Pictures aside, write out the data exactly as it reads.
Supplied data: Begin
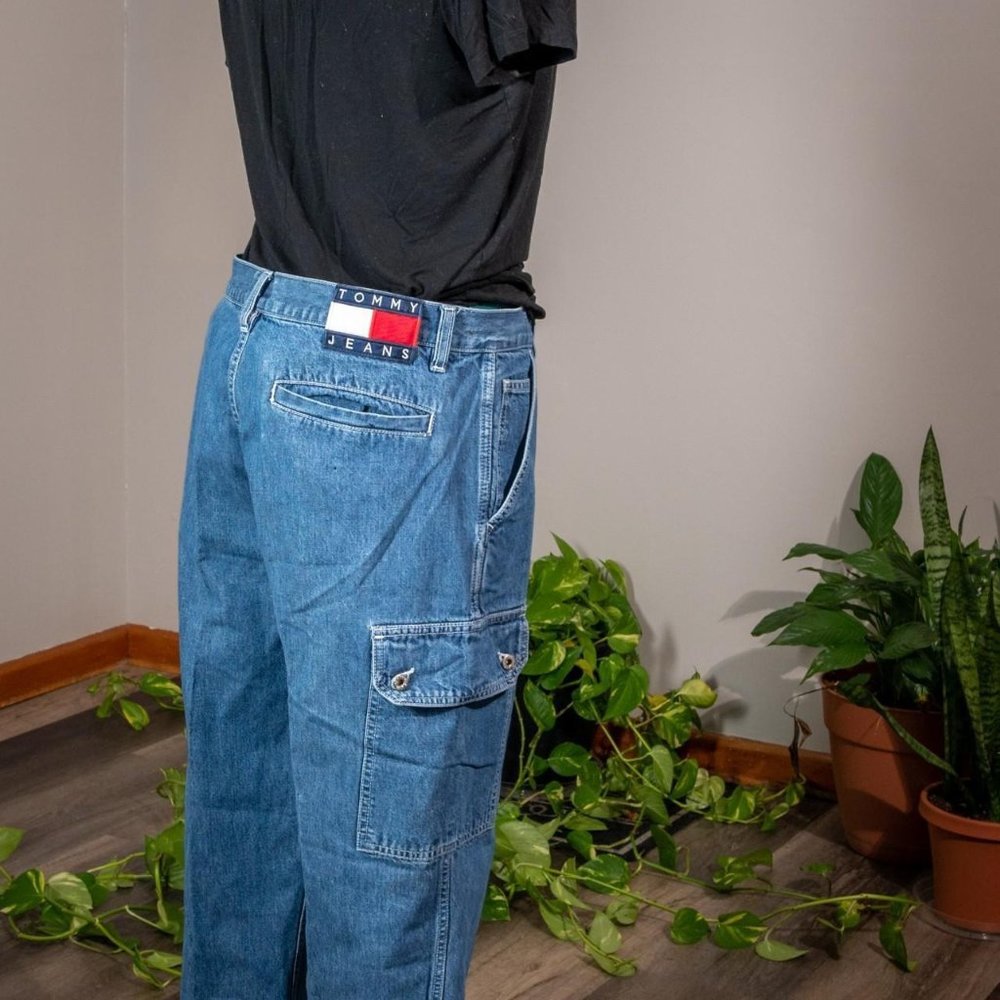 Vintage Tommy Hilfiger Jeans Denim Cargo y2k Size 13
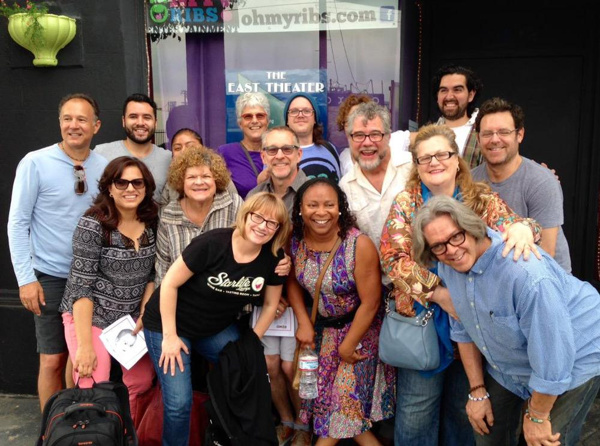 Outside the theatre for the Hollywood Fringe, Leigh Curran with artists, parents and  Photo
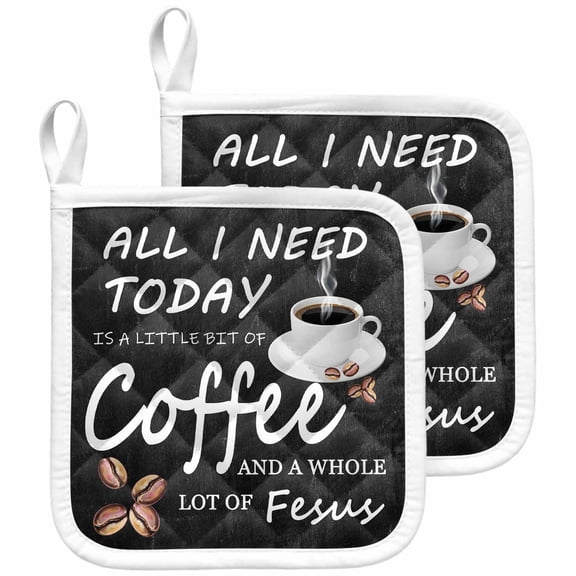 Vintage Coffee Pot Holders for Kitchen Heatproof Potholder, 2 Pack Farmhouse Coffee Beans Cup Country Hot Pads Multipurpose Oven Pads Cloth Potholders Trivet for Cooking and Baking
Supplied data: End
> _Written response_:
 Vintage Tommy Hilfiger Jeans Denim Cargo y2k Size 13
 Outside the theatre for the Hollywood Fringe, Leigh Curran with artists, parents and  Photo
 Vintage Coffee Pot Holders for Kitchen Heatproof Potholder, 2 Pack Farmhouse Coffee Beans Cup Country Hot Pads Multipurpose Oven Pads Cloth Potholders Trivet for Cooking and Baking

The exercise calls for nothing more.